I had developed a lot of bad feelings from all this. Now I am beginning
to develop a new sense of pride in my church and being part of it.
- I discovered that things that were no longer making sense to me could
be discarded. We all love and need prescriptions for living, but I learned
I could move past what had been holding me back and focus on what was good
and freeing for me.
- this meant moving beyond the orthodoxies of the past, toward a radical,
new awareness. I could go beyond a lock step belief mentality to one more
adequate, experiential and open to the future.

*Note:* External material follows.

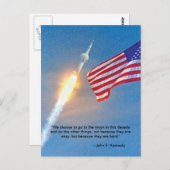 Apollo 11 lancering met Amerikaanse vlag Briefkaart (Voorkant / Achterkant)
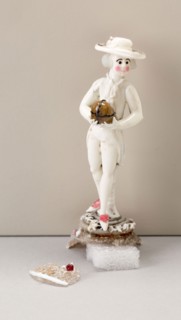 Man Holding a Ball, 1750/99, Nevers, France, Glass, lampwork (verre de Nevers), metal armature, H.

- While definitions are elusive, I began developing a more positive tone
to my faith. There were fewer dont's and more do's. I no longer needed
specific and neat answers because I felt I was walking the right path.
- in these new circumstances, I realized I was more open to God's surprizes.

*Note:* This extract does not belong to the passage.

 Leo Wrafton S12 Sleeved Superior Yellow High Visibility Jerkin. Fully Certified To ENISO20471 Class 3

I found resilience, flexibiility and hope.
- I now know that, over the course of a lifetime, I have had different
experiences and understandings of faith - depending on the time, stage
and circumstances. I feel that I am where I should be now.
- I realized that turmoil and confusion need not be a dead end.
The Emerging Christian Way has been something that has evolved and is shaped
through difficult faith challenges and we now claim it for ourselves! And
if as Matthew Arnold observes the tide goes out, then do remember, it comes
back again.
- September 18th, 2006
|
Dover Beach
by Matthew Arnold
The sea is calm to-night.
The tide is full, the moon lies fair
Upon the straits; -on the French coast the light
Gleams and is gone; the cliffs of England stand,
Glimmering and vast, out in the tranquil bay.
Come to the window, sweet is the night air!
Only, from the long line of spray
Where the sea meets the moon-blanch'd land,
Listen! you hear the grating roar
Of pebbles which the waves draw back, and fling,
At their return, up the high strand,
Begin, and cease, and then again begin,
With tremulous cadence slow, and bring
The eternal note of sadness in.
Sophocles long ago
Heard it on the Aegean, and it brought
Into his mind the turbid ebb and flow
Of human misery; we
Find also in the sound a thought,
Hearing it by this distant northern sea.
The Sea of Faith
Was once, too, at the full, and round earth's shore
Lay like the folds of a bright girdle furl'd.
But now I only hear
Its melancholy, long, withdrawing roar,
Retreating, to the breath
Of the night-wind, down the vast edges drear
And naked shingles of the world.
Ah, love, let us be true
To one another! for the world, which seems
To lie before us like a land of dreams,
So various, so beautiful, so new,
Hath really neither joy, nor love, nor light,
Nor certitude, nor peace, nor help for pain;
And we are here as on a darkling plain
Swept with confused alarms of struggle and flight,
Where ignorant armies clash by night.